The Sundance Film Festival 2014 has concluded in Park City, Utah with a new crop of provocative, thought-provoking Indies. Say what you will about the festival’s long lines and sold-out premieres, Sundance still remains the top festival in the world for young filmmakers to break into Hollywood. Some of the top movie directors in the industry launched their careers at Sundance such as Steven Soderbergh (Sex, Lies and Videotape), Quentin Tarantino (Reservoir Dogs) and David O. Russell (Spanking the Monkey).

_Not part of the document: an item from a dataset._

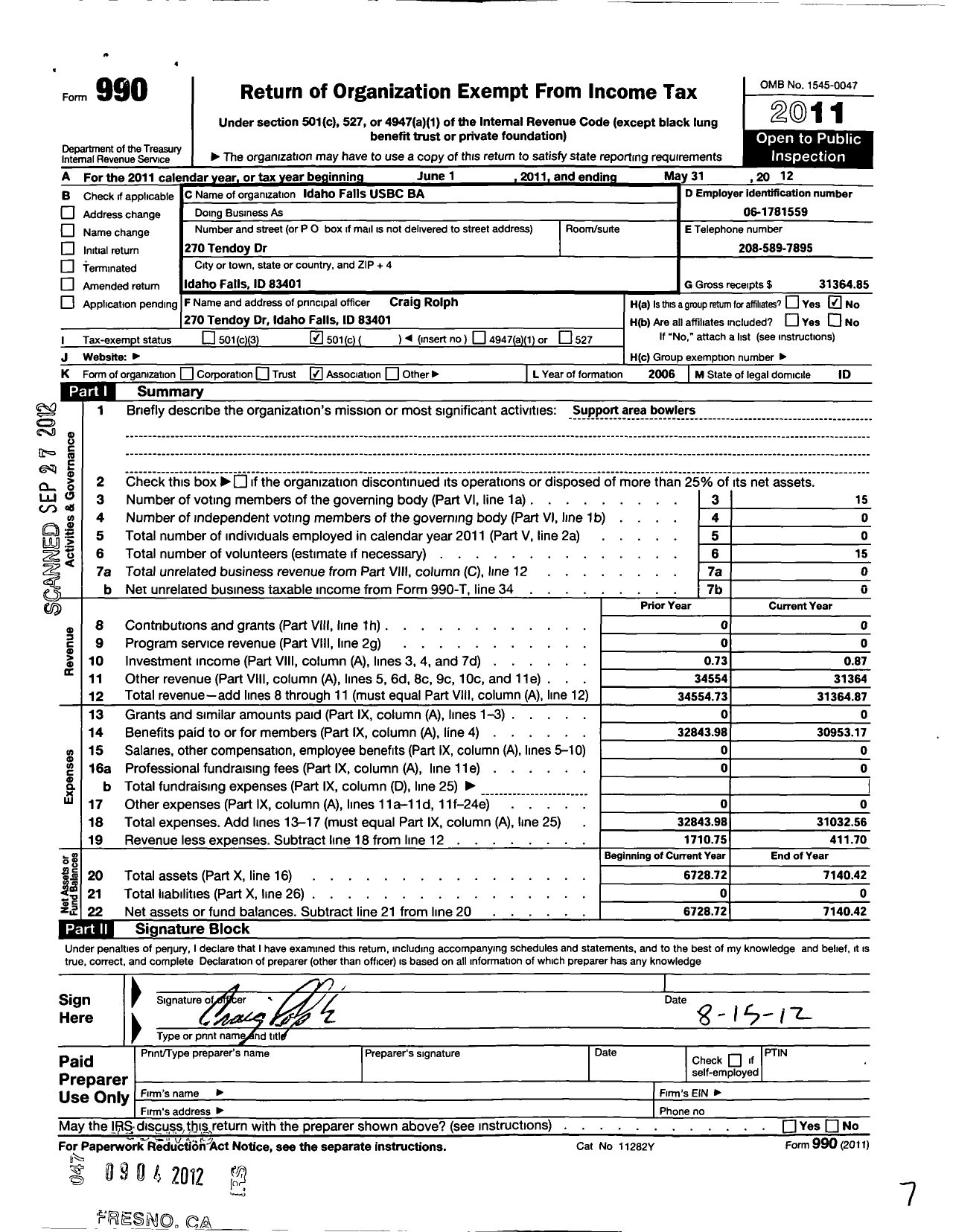 Image of first page of 2011 Form 990O for United States Bowling Congress - 86475 Idaho Falls Usbc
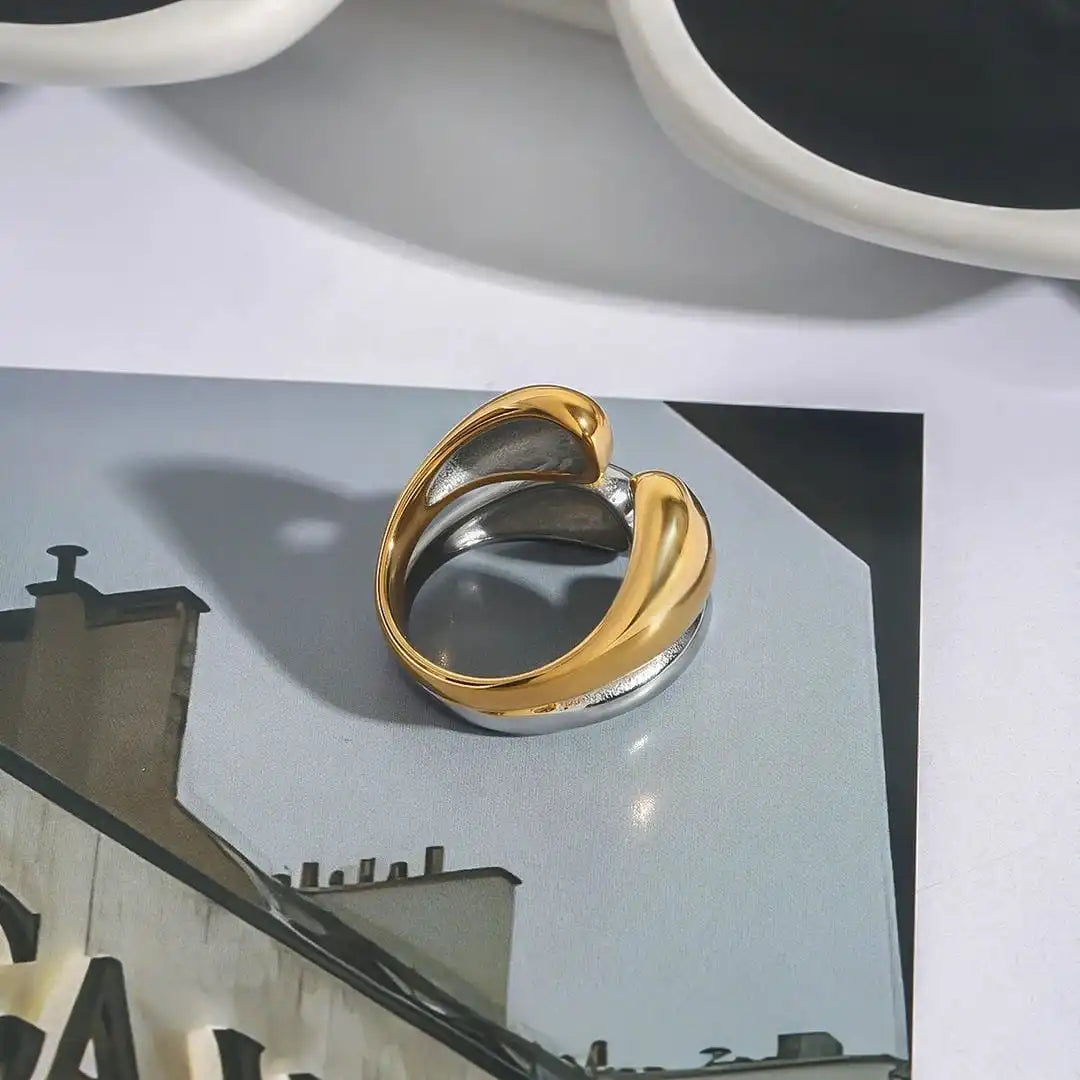 To-tonet guld sølv stabelbar ring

As festival director John Cooper announced at the onset, Sundance wanted to get back to their indie roots. Some criticize the festival has gone “Hollywood.” As cofounder of Sundance Robert Redford reminds us, “Storytellers broaden our minds, engage, provoke, inspire, and ultimately, connect us.

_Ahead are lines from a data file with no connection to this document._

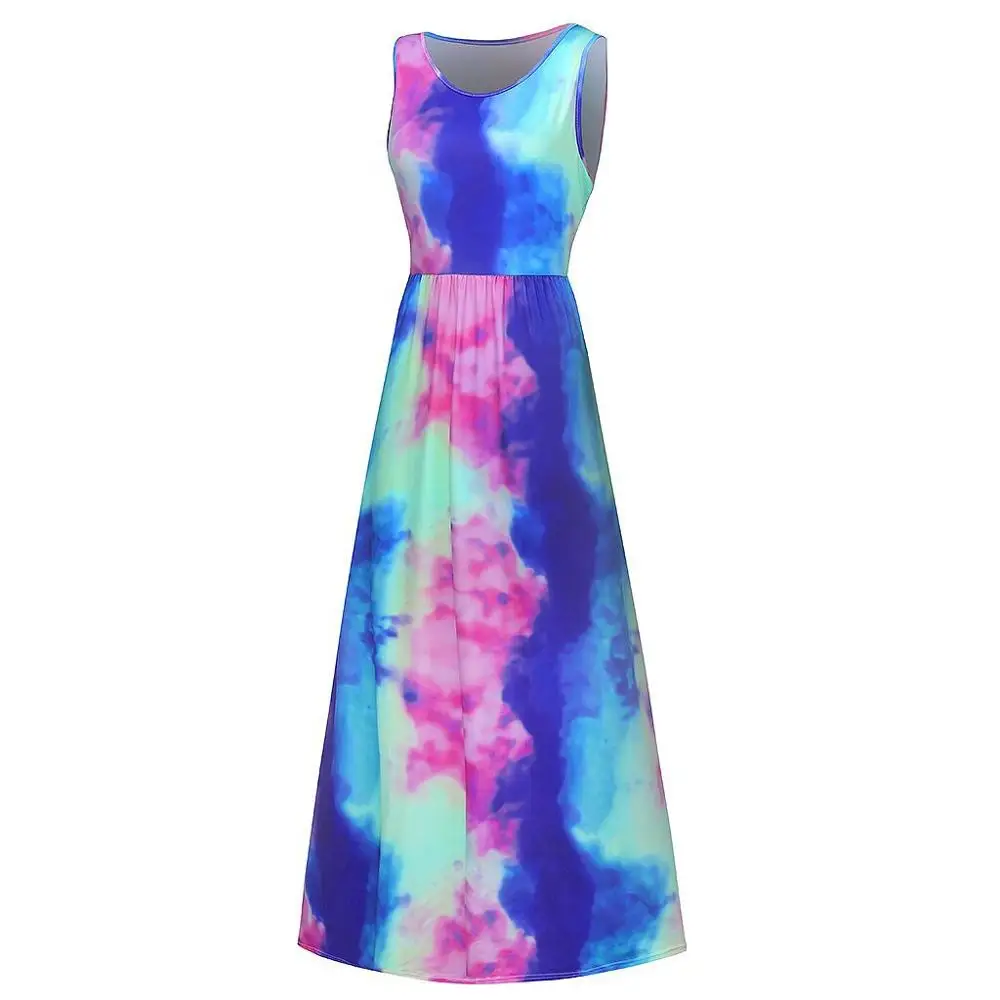 Платье макси летнее без рукавов с открытыми плечами до щиколотки|Женские платья|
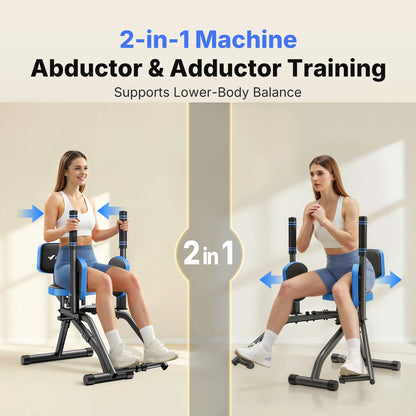 MERACH Hip Abductor Butt Toning Leg Adductor Trainer Machine Adjustable Resistance Glute & Inner Thigh Workout Equipment for Home Gym Leg Workout and Booty Builder with Bands and Dual Foot Bar 360° Rotating Leg Pads for Wome
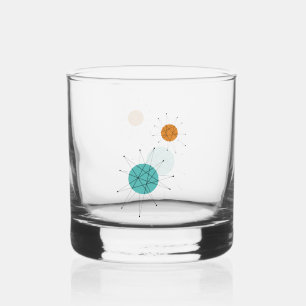Turquoise Orange Franciscan Starburst Midcentury Whiskey Glass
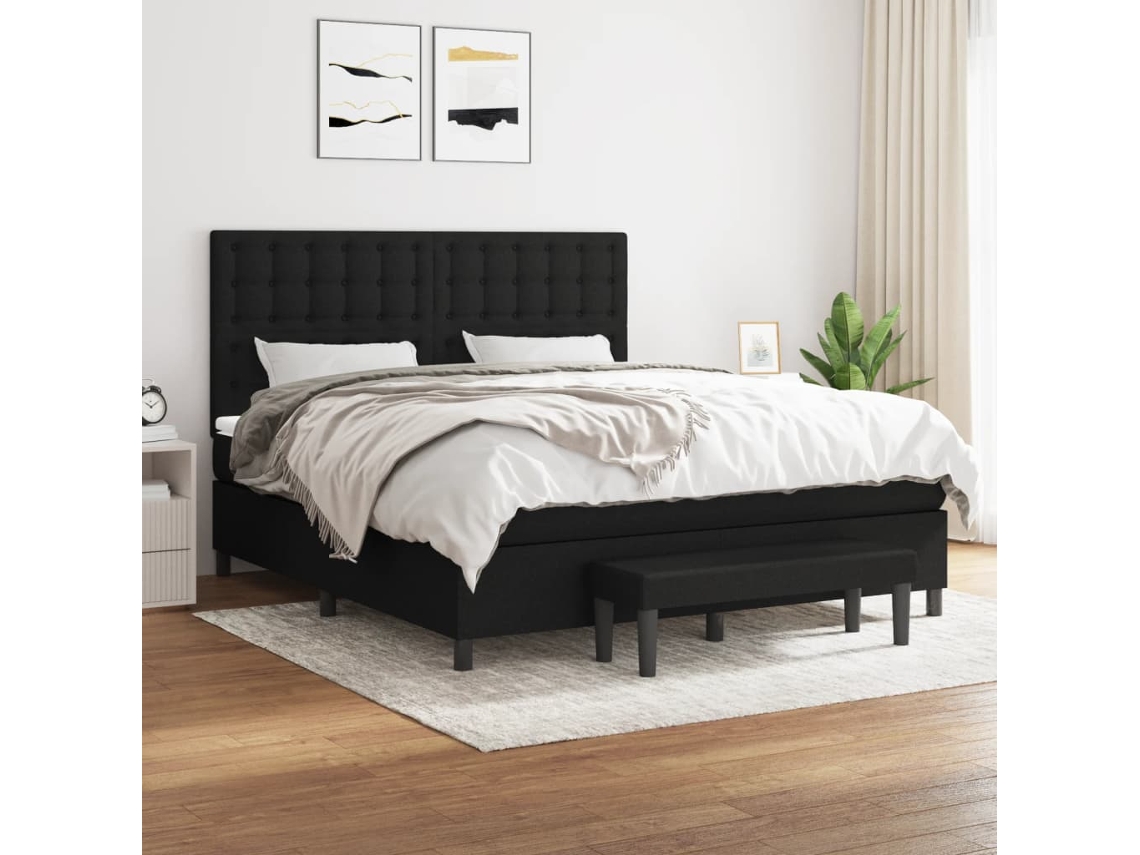 Cama Box Spring Con Colchón Tela Negro 180x200 Cm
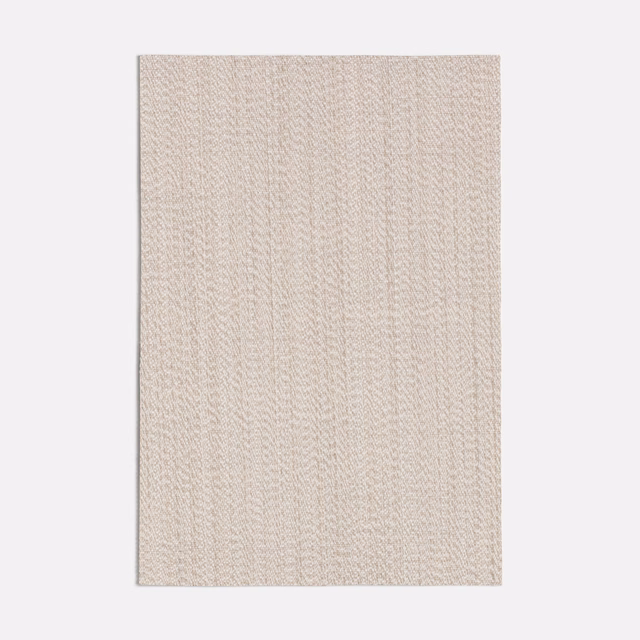 Warm beige woven swatch with fine vertical herringbone texture and soft tonal depth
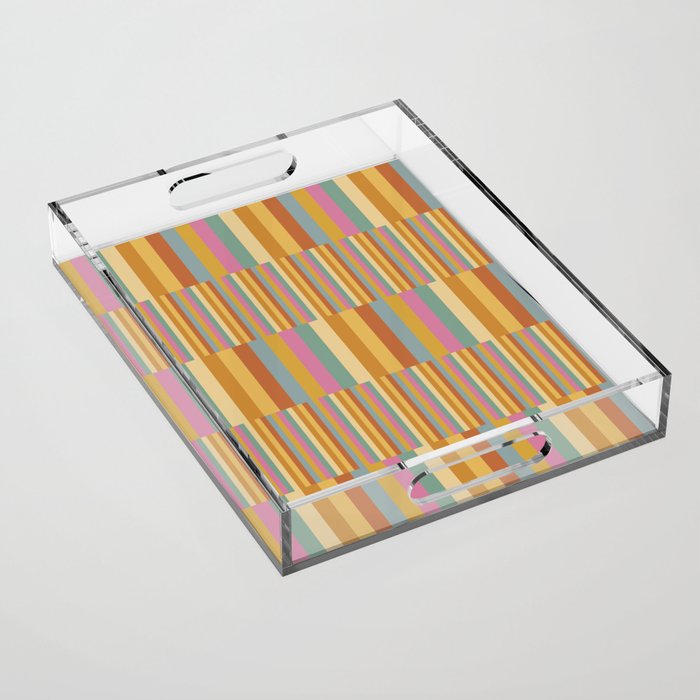 Mixed Stripes Pattern XVIII Retro Rainbow Acrylic Tray Gallery Image 1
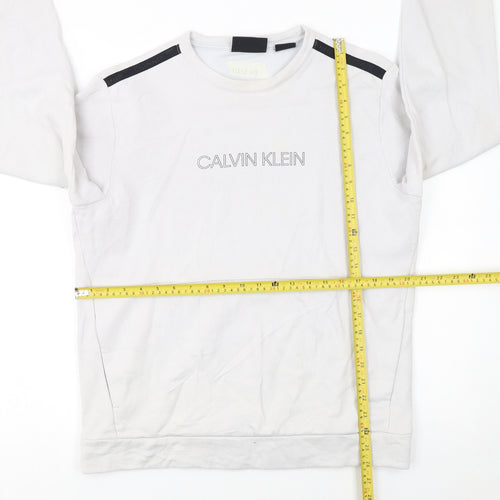 Calvin Klein Men’s White Logo Sweatshirt Size M Crew Neck Pullover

Sundance 2014 did not disappoint cinephiles. Out of over 4,000 feature film submissions, there were 100 world premieres this year. Here is my Top Ten Indie Films List to watch at a local art house theater near you.
Whiplash by Damien Chazelle
Ever dream about being a great athlete, actor or musician? This riveting story follows jazz drummer (The Spectacular Now’s Miles Teller) pursuing his dream at a music conservatory in Manhattan and his music instructor (JK Simmons) with a brutal teaching style. ‘Whiplash’ took home the two top prizes at Sundance, the coveted Grand Jury Prize and the Audience Award. Miles Teller is one to watch and bound for stardom.
Boyhood by Richard Linklater
‘Before Midnight’ director Richard Linklater's coming-of-age film is groundbreaking. It was shot for 3 to 4 days over a 12-year period. The revolutionary portrait of a boy, growing up from age 5 to 18 is a probing look at the forces that mold him into an adult.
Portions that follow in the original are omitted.